Inferred palaeontology and the lying rocks

At a meeting I attended in Glasgow a while back, a friend of mine - Tom - gave a presentation on his PhD research into the Boda Event, a period of climatic warming during the Ordovician.

How things might have looked in the late Ordovician.

Afterwards he was asked a question by a colleague - David - about the fossils he'd found (or rather, those he hadn't found). Tom assured David that he'd looked carefully for the graptolites in question but simply hadn't found any. As such he could only presume that they hadn't lived in that place at that time.

David assured Tom that they had lived there, though, and that Tom simply hadn't found them. Quite how David knew they were there was unclear, but it raised the prospect of an interesting new branch of geological science - inferred palaeontology.

Just because you've never found one of these as a fossil, doesn't mean it never existed.

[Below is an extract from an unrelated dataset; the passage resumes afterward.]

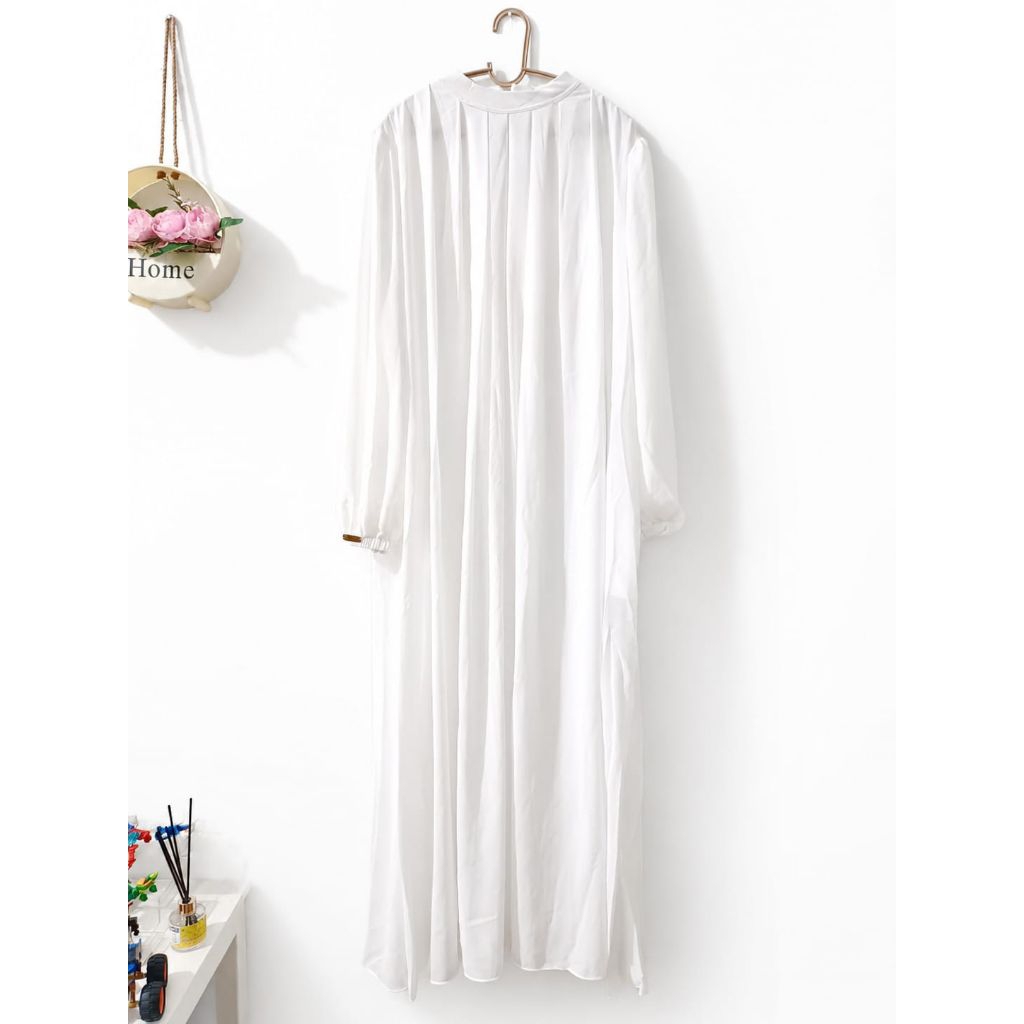 NEW DRESS BY ASTA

Inferred palaeontology is the study of organisms for which there is no physical evidence of their having existed, but which expert palaeontologists are certain did. Freed from the confines of evidence-based fossil studies, such 'experts' (i.e. me) can then give full rein to their imagination, creating fabulous animals that roamed the land or cruised the seas some time in the distant past.

Jellyfish with pointy teeth perhaps? Giant, lightweight whales filter-feeding nutritious dust out of the sky? Pole-legged waderbirds? Their lack of fossil record is an inconvenience, but should not preclude them from appearing in palaeontological textbooks.

Hidden in the nonsense is a real point (somewhere). The fossil record is extremely patchy, yet we trust it to reveal the life of the past since it's all we've got. There is no alternative fossil record with which to compare it.

This might be true, then again, it might not.

Just because it is the only palaeontological dataset available, however, does it mean we have to accept it? Look at all the different animals and plants found on a beach at the modern day. How many of them will ever become fossils? None, probably, and those that do will most likely be shells.

Anything delicate, soft-bodied, or particularly attractive to predators or scavengers, has almost no chance of being fossilized. Yet we use the fossil record to construct extinction models stating that 85% of life died out at the end of the Ordovician (or whatever). Is it likely we are even close to the truth? Is it likely we can get a real handle on the nature of ancient nature?

Maybe not, but perhaps the first thing we can do as palaeontologists is to pay for more attention to modern ecosystems and use them as analogues. We can assess the preservation potential of living animal groups and then test whether this correlates at all to their scarcity in the fossil record. It won't be perfect, but it'll be a start.

It's the same for sedimentary geology.  In 2003, I spent a couple of months in Nevada and California assisting my friend Alex in investigating modern desert river systems. We carried out transects across the Ralston Valley near Tonopah, NV, then across Death Valley and Panamint Valley in California, and pretty much no matter where we dug, all we came across was fine-grained, buff-coloured sediment.
In the buff, in Ralston Valley, Nevada.

Sometimes it had been deformed by the growth of salt crystals, sometimes there was a dash of gravel, sometimes there were calcretes beneath the surface, but almost everywhere we looked it was buff. It was dispiriting and repetitive. Yet as soon as we went to look at Miocene fluvial sediments in the Virgin River valley we found channels, cross-bedding, gravel layers, sands, muds, ripples and all sorts. They bore no resemblance whatsoever to their modern equivalents. What was going on?

Then, nearly a year after we'd been there, there was a major flood in Death Valley. Heavy rain fell on the mountains, came charging down the slopes, channels and fans into the valley and caused widespread damage to the Furnace Creek area. Roads were destroyed, cars upturned, buildings damaged and two people were killed.

Some buildings were almost buried in gravel, indicating deposition of perhaps four feet of sediment. Suddenly it became clear: although the buff sediment represented normality it rarely (perhaps never) got preserved in the rock record because as soon as a powerfully erosive event came along it scoured the buff away. In the future all that would be preserved in the rocks would be a series of channelized gravels and sands and perhaps a pocket of buff here or there.

 
The same must happen in other environments - everyday sediment might last for years but as soon as a powerful event comes along it gets obliterated. And then sediments from a 1 in 20 year storm would get removed by a 1 in 100 year storm, and those by a 1 in 1000 year storm, and so on. Eventually all that is left is a snapshot of a momentous occasion, as opposed to the long term record of day-to-day deposition.

Thus, extracting Earth history from the geological succession becomes akin to extracting the true story of a mass killing from the only survivor, a mentally ill man with a penchant for lying.  If you like a challenge, however, then it's just about the most interesting subject imaginable.